"When you live on the street you really crave belonging" introducing a new £10m grant scheme – Helping End Homelessness
The National Lottery Community Fund is launching a new £10m grant scheme called Helping End Homelessness - aimed at addressing the causes and impact of homelessness. The scheme will encourage charities and agencies to work with local authorities and with people experiencing homelessness, to address the causes of homelessness. The grants, which are made possible thanks to National Lottery players, will be aimed at trying to stop people ending up on sofas, in bed and breakfasts and even the streets by intervening in a positive way. To access the grants, organisations will need to work together and involve people who are already experiencing homelessness and those at risk, in planning strategies to avoid ending up in a perilous and stressful situation.
Omar knows first-hand quite how stressful being homeless is. He was living on the streets through the bitterly cold winter of 2010, the coldest January in over 30 years with snow laying on the ground. Omar remembers having walked to the edge of Cardiff looking for somewhere to stay overnight:
“They wouldn’t open the door to me!” he says “so I walked back into town to try and find somewhere to keep warm. I could see people inside their houses settling down in the warm in front of their TVs and I would have given anything to be inside.”
A broad smile spreads across his face
“Now I have my own peaceful flat... and I got a nice big TV!”
Omar credits his rehabilitation to the different organisations that have worked with him. The Wallich have helped him with training sessions and are now providing the supported accommodation he calls home, he volunteers with them several times a week, working with people still on the streets. But it is his work with Behind the Label that he particularly wants to talk about. Behind the Label is a project run by Theatre Versus Oppression in partnership with the Millennium Centre and supported by The Wallich.
“I am awake again!” he says “When you live on the street, you really crave to belong... to be loved. It makes you so vulnerable to people who give you fake love, like drug dealers! Two of my good friends – one from the Valleys and one from the Docks, we used to stand together against the cold like penguins do, keeping warm with huddling. They died from drug overdoses on the streets that Winter.
“Behind the Label helped me trust people again, I used to be too afraid to go in a shop and I would panic if someone stood behind me, now I have found my voice and in the performance I found myself. The others in that project, they are my brothers and sisters now, we have a WhatsApp group where we support each other all the time, every day. We are woken up now and I want to give back to others.”
Omar goes on to explain that he is conquering his own addiction and putting some money aside which his probation officer sends to his son, who he doesn’t see at the moment. He speaks hopefully about rebuilding his relationship with his kids, adding
“Behind the Label hands you back your own voice and your confidence. It’s not too late to start again!”
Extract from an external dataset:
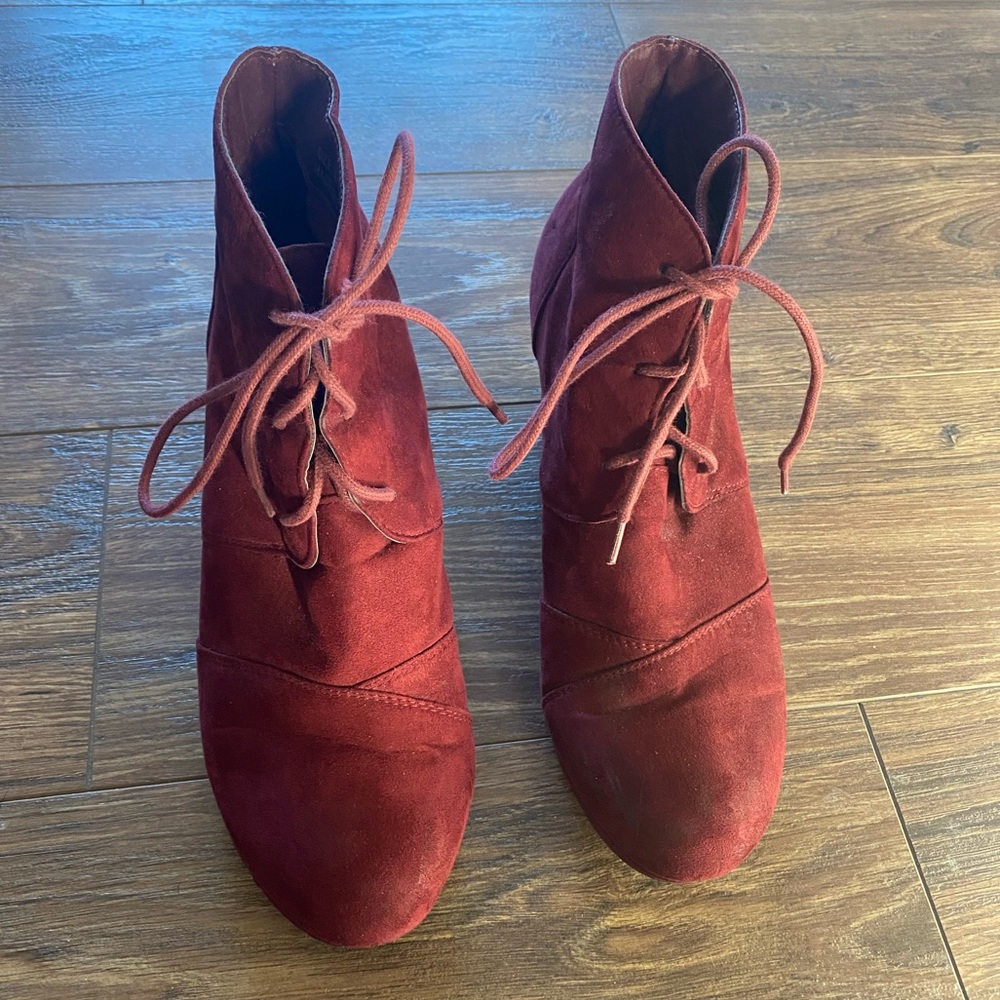 Wet seal booties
Omar’s story shows how complex the experience of homelessness is. The National Lottery Community Fund in Wales already gives grants to organisations – such as The Wallich and Theatre Versus Oppression - helping people deal with the impacts of homelessness, also to organisations which address some of the complex issues which can lead to homelessness, the new fund however, is intended to work in a different way. Robert Roffe Head of Knowledge and Learning for the Fund in Wales explained:
“We want to encourage organisations including charities, local authorities and housing associations to work directly with people with experience of homelessness to collectively stand back and look how they could use the limited resources on offer to them to try and stop people becoming homeless in the first place.
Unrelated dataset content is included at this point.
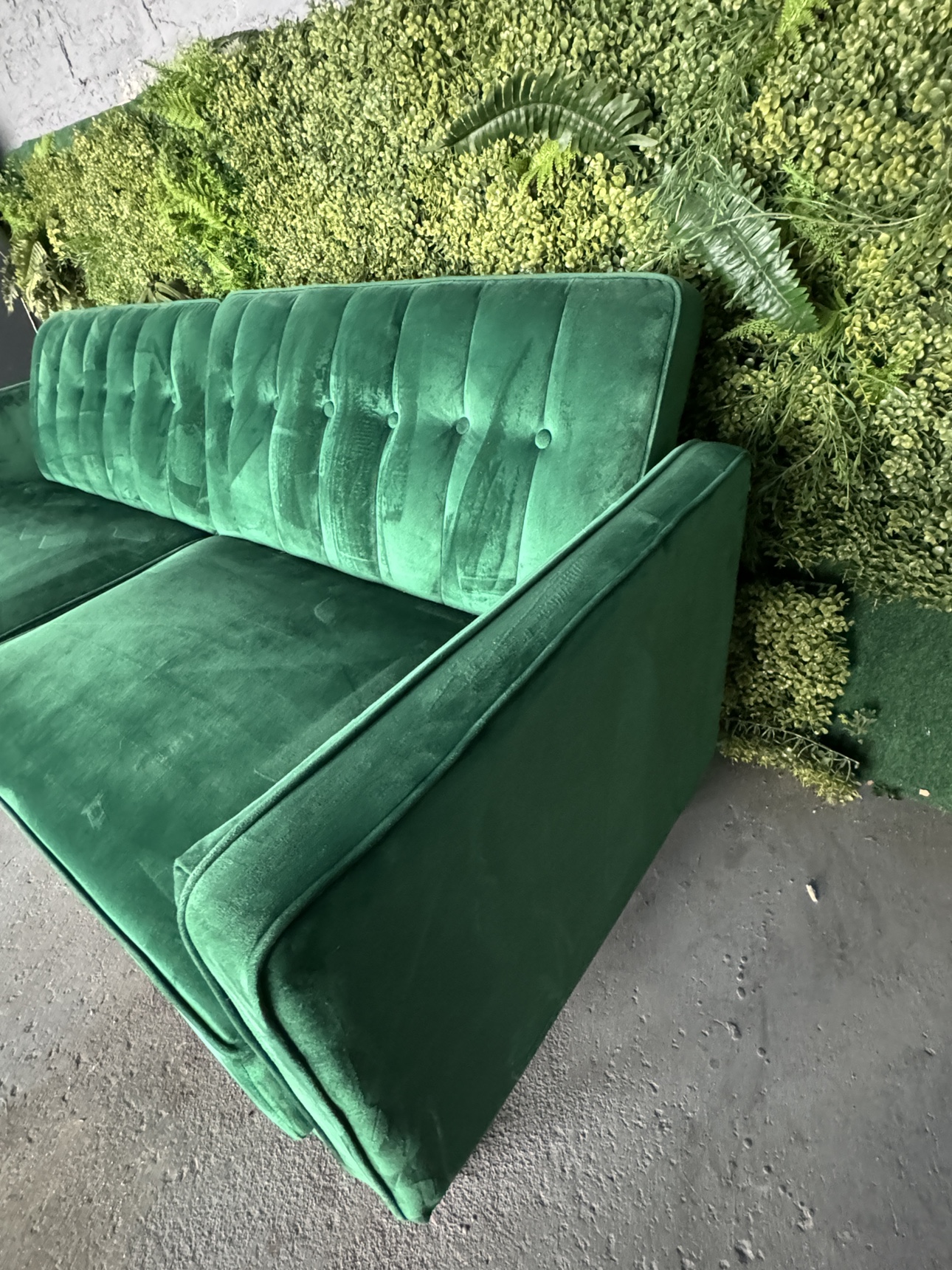 Green Couch - photo 3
“Our research suggests that there are opportunities to engage earlier and more effectively. We want to use our grants to encourage everyone working in the field to assess if things can be done better; that’s why we are offering a grant for the development phase of the project. We hope the £10m available in grants will act as an incentive to encourage groups to work together to look at this.”
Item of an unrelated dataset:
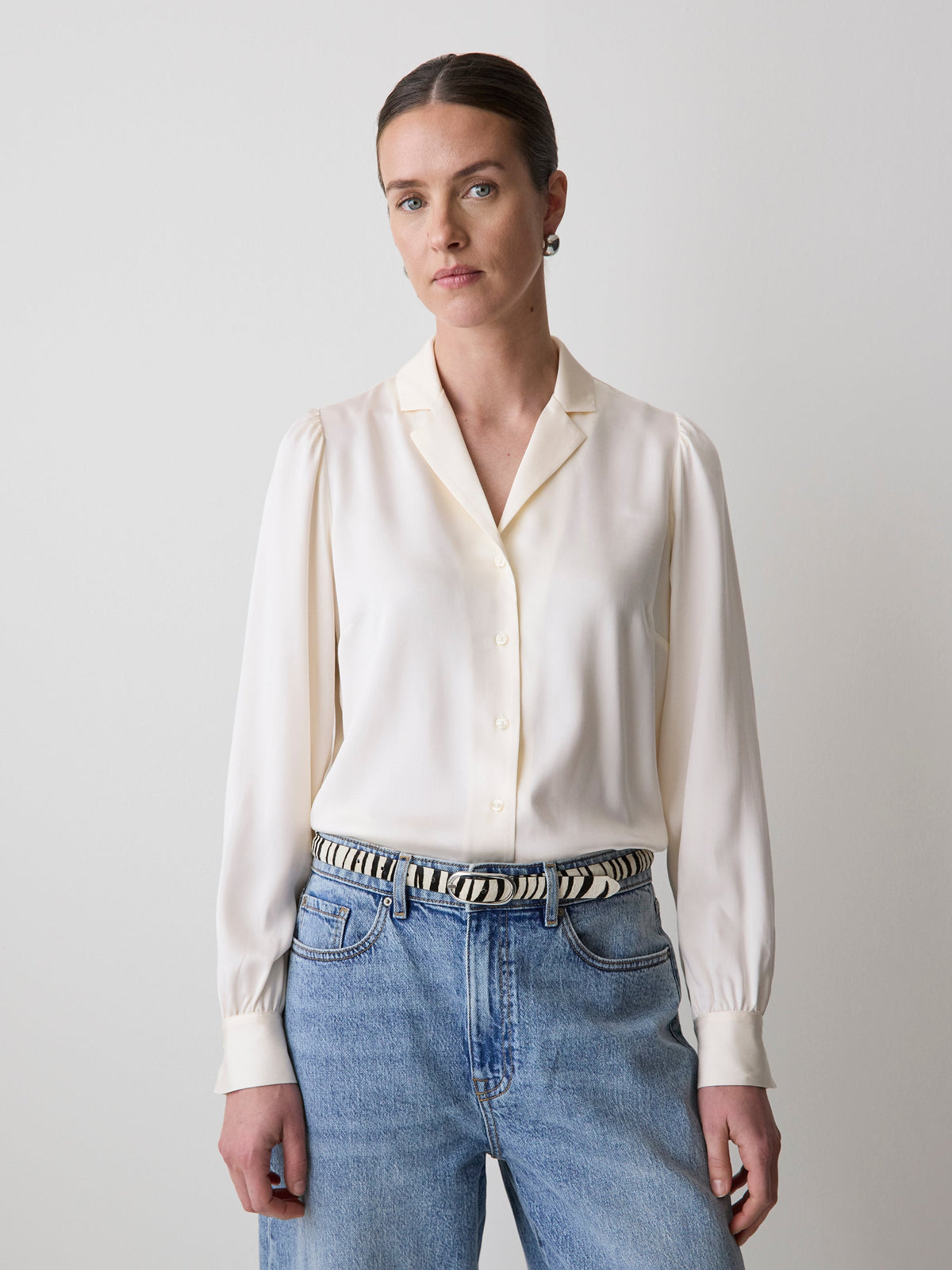 Long-Sleeve Buttoned-Down Fluid Blouse rw&co On Sale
It seems that if services were better co-ordinated, vulnerable groups such as 18 year olds moving out of local authority care, people leaving prison and people effected by domestic abuse could be supported more effectively to avoid the trauma of becoming homeless.
To apply for the grants, organisations are initially being invited to form partnerships within their region. The National Lottery Community Fund are organising three events across Wales in February to put organisations in contact with others in their region, interested groups should contact The National Lottery Community Fund for details. The partnerships will then submit an expression of interest in the first phase of funding. The total of £10m will fund projects lasting five to seven years.
At a recent performance from Behind the Label, participants on the stage challenged the audience, asking:
“All my life people are asking about my story, over and over again, but no one really listens! Do you really think you’ve got it in you, to listen to what we’ve got to say?”
The National Lottery Community Fund hope that Helping End Homelessness may encourage the right people to listen.